Jaschinski schüttelte den Kopf und näherte sich dem ausschlagenden Pferd. »Komm, Amorchen, ich hau dich nich. Sei nicht bange, komm nur!«
»Drehen Sie ihm das Maul an! Hoi, du Aas!«
Amor schlug mit dem Kopf hoch. Jaschinski pendelte sekundenlang mit den Beinen in der Luft. »Nicht hauen«, wurde er ärgerlich, »lasst ihm doch Ruh!«
»Das wäre gelacht!« grollte Schacke.
»Hängt ihm ein paar Wagen ab!« bat Jaschinski.
»Blödsinn, er muss ziehen!« tobte Schacke, »Hoi, Amor!«
Amor stöhnte tief. Ein Hieb mit dem Holz traf seine Rippen. Er legte sich mit einem mal quer über die Schienen.
»Was ist nun los?« fragte Schacke bestürzt.
»Ich hab's ja gesagt!« erwiderte Jaschinski.
»Das fehlt mir noch!« Schacke fluchte, sprang an das Tier heran, zerrte es am Halfter. »Auf, du verdammte Krücke! Hoch, los!«
Amor blieb liegen und stöhnte noch mehr.
»Packt doch zu!« brüllte Schacke die Kumpels an.
Sie zerrten zu dritt an Amor herum. Der stand nicht auf.
»Aus!« meinte Jaschinski.
»Junge, Junge, nee!« jammerte Schacke. »So ein fauler Zosse! Was mach ich bloß, die ganze Förderung steht. Nun fehlt noch, dass der Alte herkommt!«
Er stierte den Gaul an, dann die Kumpels, die ihm das gönnten und mit versteckter Schadenfreude dastanden. Die Tobsucht packte ihn. »Gottverdammich!« Die Lampe krachte in den Stoß. Die Lederkappe flog hinterher, zuletzt die Meterlatte. »Worauf warten Sie?« brüllte er die Kumpels an. »Vorwärts, das stinkige Vieh fort und die Wagen abgekoppelt! An den Bremsberg geschleppt!«
»Der is kaputt!« flüsterte Jaschinski dem Lader zu, als sie unter Mühe Amor aus den Schienen schleiften.

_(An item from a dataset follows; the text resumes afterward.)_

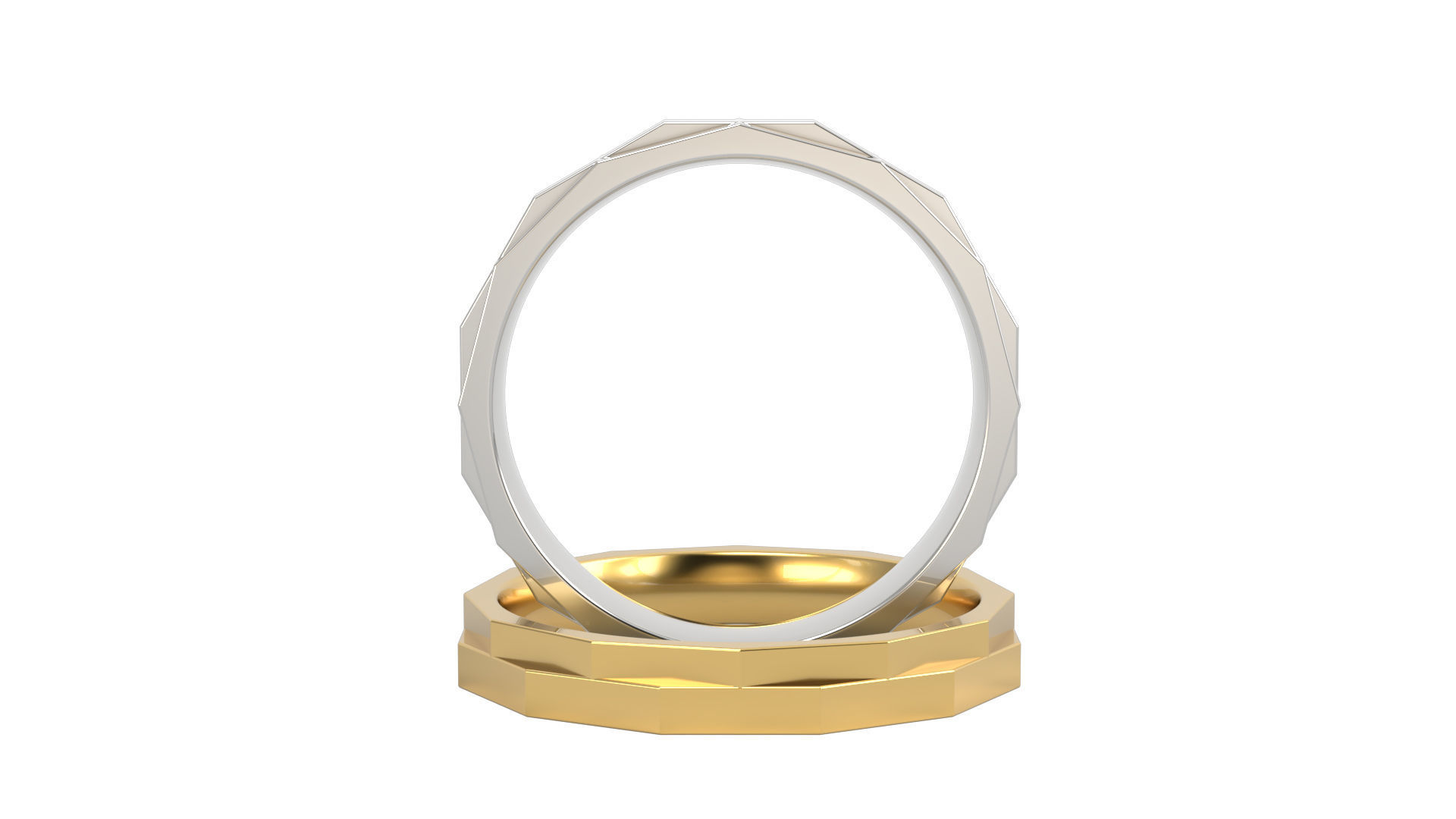 Ring N 10 Size 7 Gems and Solid Two versions 3D print model_13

Während sie die Kohlenwagen fortschoben, verendete Amor in der Strecke.
»Glaubst du, dass die Arbeit für ihn zu schwer war?« meinte Jaschinski zu dem Pferdejungen.

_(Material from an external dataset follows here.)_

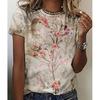 Женская футболка с цветочным принтом, 3D-печать, повседневная, короткие рукава, летняя, круглая горловина, пуловер, свитер, свободный, свободный, уличная одежда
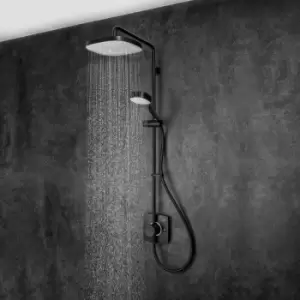 Image of Mira Opero Bathroom Thermostatic Mixer Shower Black Twin Adjustable Head Modern - Black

»Blödmann«, entgegnete der, »Pferde sind Pferde!«
»Das wohl«, sagte Jaschinski nachgrübelnd, »und wenn es noch so stark is, wenn man ihm zu viel anhängt, dann geht es ihm wie uns!«
In der weiteren Schicht fiel es ihm ein, dass Amor noch leben könnte, wenn ein zweites Pferd dagewesen wäre. Auf jeden Fall lag etwas vor, dass man kein zweites Pferd hergeschafft hatte.
Und dies erfuhr er von dem Ortsältesten, der sagte: »Sparen wollte der Alte, jetzt hat er ausgespart!«
»Pass auf, jetzt kriegen wir auch 'ne Maschine!« meinte der Lader nach der Schicht.

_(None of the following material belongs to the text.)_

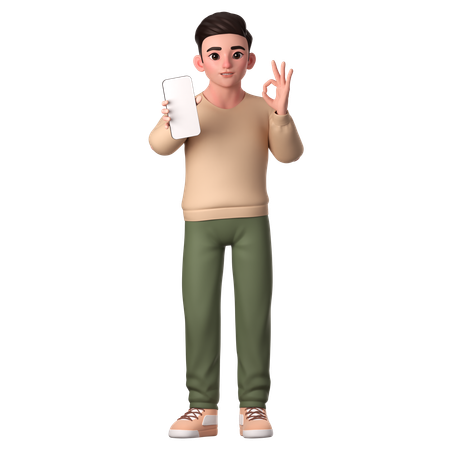 Young Man Showing Ok Hand Gesture With His Smartphone  3D Illustration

»Warum denn nicht früher?« fragte Jaschinski.
»Meinst du, die Gäule kriegen ihr Fressen umsonst?« sagte der Pferdejunge.
»Umsonst ist der Tod!« antwortete der Lader.
Jaschinski musste an Amors klägliches Ende denken. Den ganzen Nachmittag. In der Nacht. Als er am nächsten Morgen anfuhr. Vor Kohle, als er vor Staub und Kohlenhauen nicht mehr schnaufen konnte.
Schacke jagte wie toll durch die Rutsche. Der Förderausfall musste heraus.
>Jetzt geht es uns wie dem Amor<, dachte Jaschinski.